São situações que beiram a um lavajatismo no âmbito do controle externo.
Para fazer frente a isto, a Consultoria Jurídica Geral está tendo, sob a presidência do conselheiro presidente Guilherme Maluf, ampla autonomia e independência para opinar livremente, auxiliar na correção de desvios e defender a observação da Constituição Federal e do Código de Processo Civil nos processos internos e de controle. E é isto, sem falsa modéstia, que estamos fazendo. Alertamos a presidência e os demais conselheiros acerca dos indícios de abuso que estavam – e, às vezes, ainda estão – ocorrendo no TCE-MT. Cumprimos o papel da advocacia pública como primeiro garante da ordem jurídico-institucional.
É esse o contexto da matéria, emitida ontem (14/09/21) pela secretaria de comunicação do TCE-MT e amplamente divulgada nas mídias mato-grossenses, noticiando a declaração de nulidade de uma tomada de contas ordinária viciada desde seu nascedouro, que teve como seu único fim o constrangimento, não republicano, de autoridades públicas. O tribunal pleno do TCE-MT reconheceu, por unanimidade, na esteira de parecer da Consultoria Jurídica Geral e do Ministério Público de Contas, que não pode a corte atuar à margem da legalidade, “passando por cima” de garantias processuais.
Cumpre ressaltar que, em princípio, compete à Consultoria Jurídica a análise sob o aspecto jurídico formal de cada questão que lhe é submetida, sem adentrar, de forma específica, no mérito dos casos. No entanto, diante da gravidade da situação, na qual se constatou a abertura de diversos procedimentos de controle com indícios de abusividade e, até mesmo, com intuito de perseguição, sem fundamentação jurídica ou fática, a Consultoria Jurídica deve se manifestar e deixar seu alerta.
Isso porque é evidente que tais procedimentos, eivados de assombrosas nulidades, maculam a imagem do TCE-MT e ameaçam diretamente toda construção pela plena juridicidade de seus processos e pronunciamentos.
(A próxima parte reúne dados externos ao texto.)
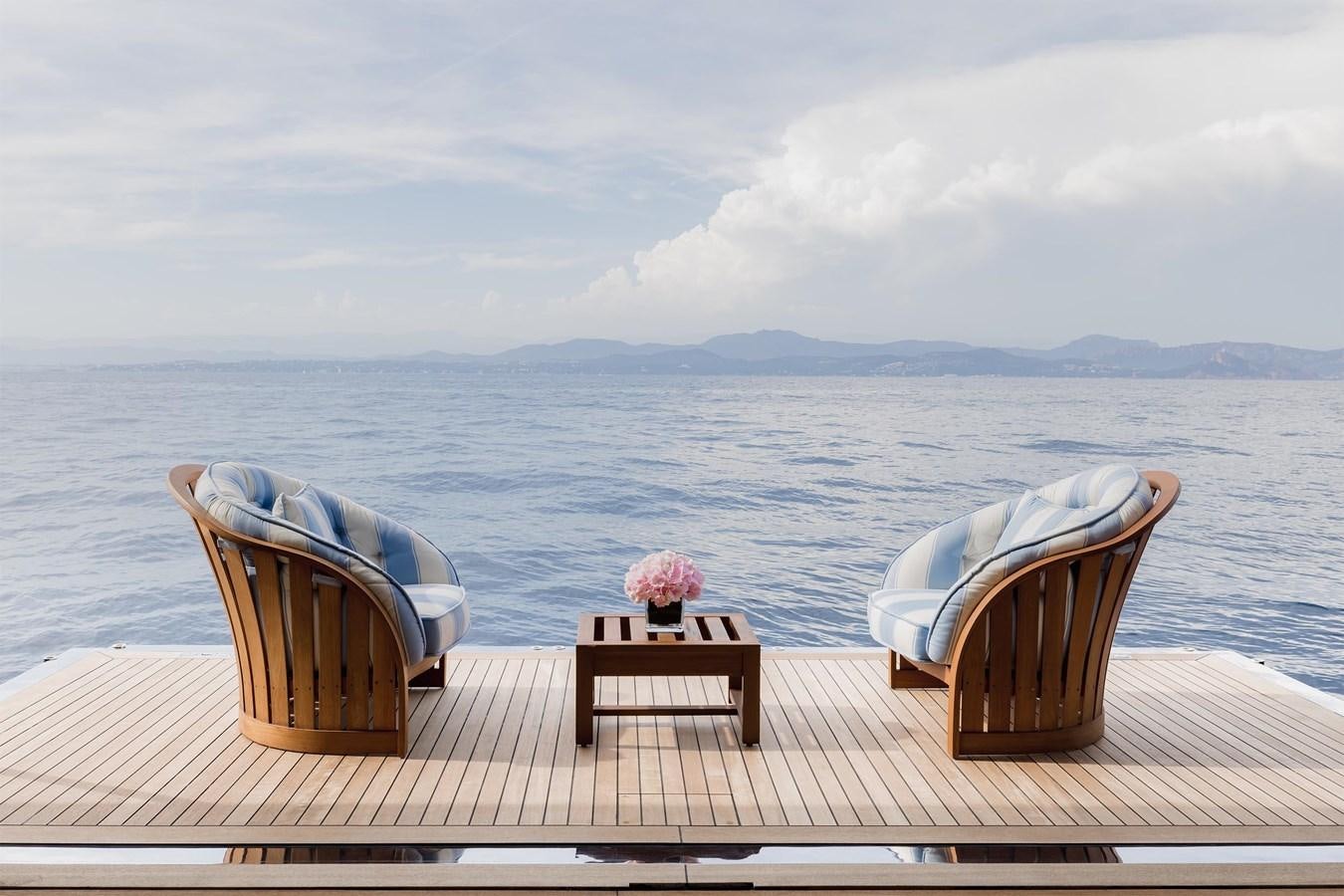 chairs on a deck overlooking a large body of water aboard CARINTHIA VII Yacht for Sale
Nessa conjuntura, com fundamento na lição de Caio Tácito, merece destaque o fato de que o abuso de poder não decorre unicamente de condutas comissiva, mas também pode ser caracterizado em situações omissivas, isto é, quando o agente deixar de exercer uma atividade imposta a ele por lei, quando se omite nos exercícios de seus deveres.
Dessa forma, é de suma importância que a Consultoria Jurídica, diante de cenários de abuso e arbitrariedades, emita seu alerta ao tribunal pleno do TCE-MT, com vistas a possibilitar eventual atuação da própria corregedoria do órgão e evitar que as ilegalidades se prolonguem no tempo.
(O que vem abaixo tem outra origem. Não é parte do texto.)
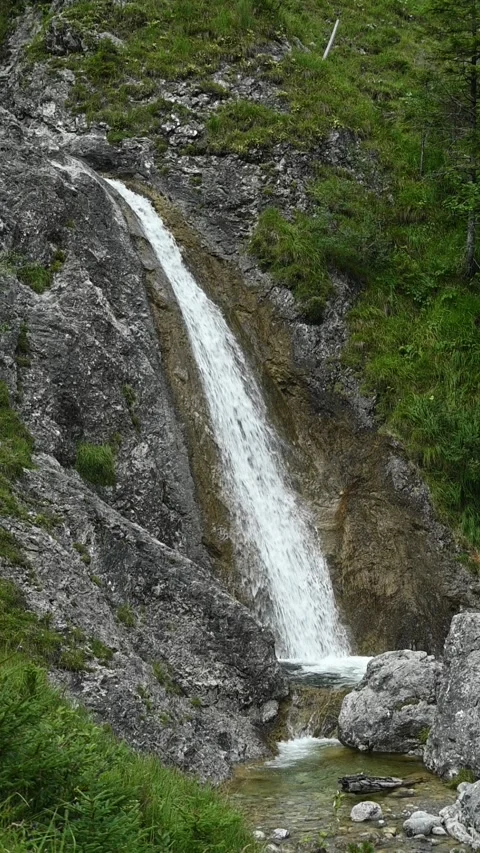 Vertical shot of rocks, a waterfall and a mountain stream, slow motion Stock-Footage 260891259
O ordenamento jurídico brasileiro não permite, sob pena de gritante desvio de finalidade, que autoridades públicas façam uso de suas atribuições para satisfazer propensões pessoais completamente estranhas ao interesse público. Em outras palavras, os poderes e prerrogativas atribuídas aos agentes públicos devem ser utilizados nos termos da legislação vigente e em busca de benefícios para a coletividade.
Ora, manter-se inerte diante de um contexto de tamanha ilegalidade e arbitrariedade, seria o mesmo que aceitar o retorno aos momentos obscuros de uma história não tão distante, além de deixar de lado a finalidade pública da atuação da corte de contas.
O tema ganha contornos importantes se analisados à luz do abuso de autoridade, assunto que está em voga desde a promulgação da lei n° 13.869, de 05 de setembro de 2019, a qual trouxe nova ótica aos excessos oriundos das ações dos agentes públicos.
O contexto de discussão e aprovação de uma nova lei foi a reação política aos inúmeros excessos ocorridos no desenrolar da operação lava jato, tais como conduções coercitivas ilegais, interceptações telefônicas indevidas, entre outros. Assim, dada a gravidade das consequências geradas, andou muito bem o nosso Parlamento em atualizar e aprimorar um tema tão caro e relevante aos cidadãos e à administração pública.
Nesse sentido, a lei vigente regulou a temática e definiu como crime as ações cometidas por agente público, servidor ou não, que, no exercício de suas funções ou a pretexto de exercê-las, abuse do poder que lhe tenha sido atribuído (art. 1°, lei n° 13.869/2019). O bem jurídico tutelado é, primordialmente, o bom funcionamento do Estado, uma vez que os agentes públicos devem desenvolver suas atividades sempre amparadas na lealdade e probidade e em nome do interesse público. Quer dizer, todo e qualquer poder reclama justificação e, sobretudo, controle.
Isso não quer dizer que a lei criminaliza condutas legítimas de agentes públicos, mas apenas os praticados com excesso ou com finalidade diversa da prevista, sendo assim, não deve ser temida pelos servidores que desempenham suas atividades amparadas na legalidade, no interesse público e dentro de suas competências, sem qualquer finalidade específica de prejudicar outrem, beneficiar a si mesmo ou a terceiro, bem como por capricho ou satisfação pessoal (art. 1°, §1°, lei n° 13.869/2019).
A existência de um Estado Democrático de Direito impõe limites ao exercício das atividades desempenhadas pelos seus agentes, independentemente de qual autoridade for, já que nenhuma, em hipótese alguma, estará acima do Direito. Nessa perspectiva, não se permite que os limites legalmente estabelecidos sejam extrapolados, sob o manto de um suposto dever legal, isso porque o Direito não aceita tudo, seja em prol de um interesse nobre, seja em nome de pressuposto “combate à corrupção”.
Por fim, vale ressaltar que esses excessos expostos nas operações lavajatistas não estão restritos à Brasília e à esfera da operação lava-jato e, por isso mesmo, distantes de nós, que atuamos em instâncias distintas, como a dos órgãos autônomos. Ao revés, podem ser verificados em todo o cotidiano da Administração Pública e política brasileira, tanto no âmbito judicial, quanto no do controle.
Identificadas situações assim, a lei n° 13.869/2019 poderá oferecer guarida ao controle de abusos e estará à disposição para refutar arbitrariedades e ilegalidades no exercício do poder, não só no lavajatismo da Petrobrás, como também no lavajatismo empregado no próprio âmbito do controle. A cultura do abuso de poder deve ser combatida, a exemplo do que fez o TCE-MT que declarou a nulidade de procedimento fundado e motivado por fins não republicanos.
É sempre bom enaltecer que até na guerra há necessidade de se respeitar limites mínimos de ética. Um “jogo bem jogado” é bonito de se observar, isto é, uma investigação que atua nos seus exatos limites, a acusação e as defesas também, e, por fim, o julgador/instrutor não foge das linhas do campo.
Assim, na decisão de ontem (14/09/2021), um marco após período de trevas, acertadamente, a corte de contas de Mato Grosso sentenciou: não pode o Tribunal de Contas dar margem para um lavajatismo de controle, afinal, lembrando Voltaire, “encontra-se oportunidade para fazer o mal cem vezes por dia e para fazer o bem uma vez por ano”.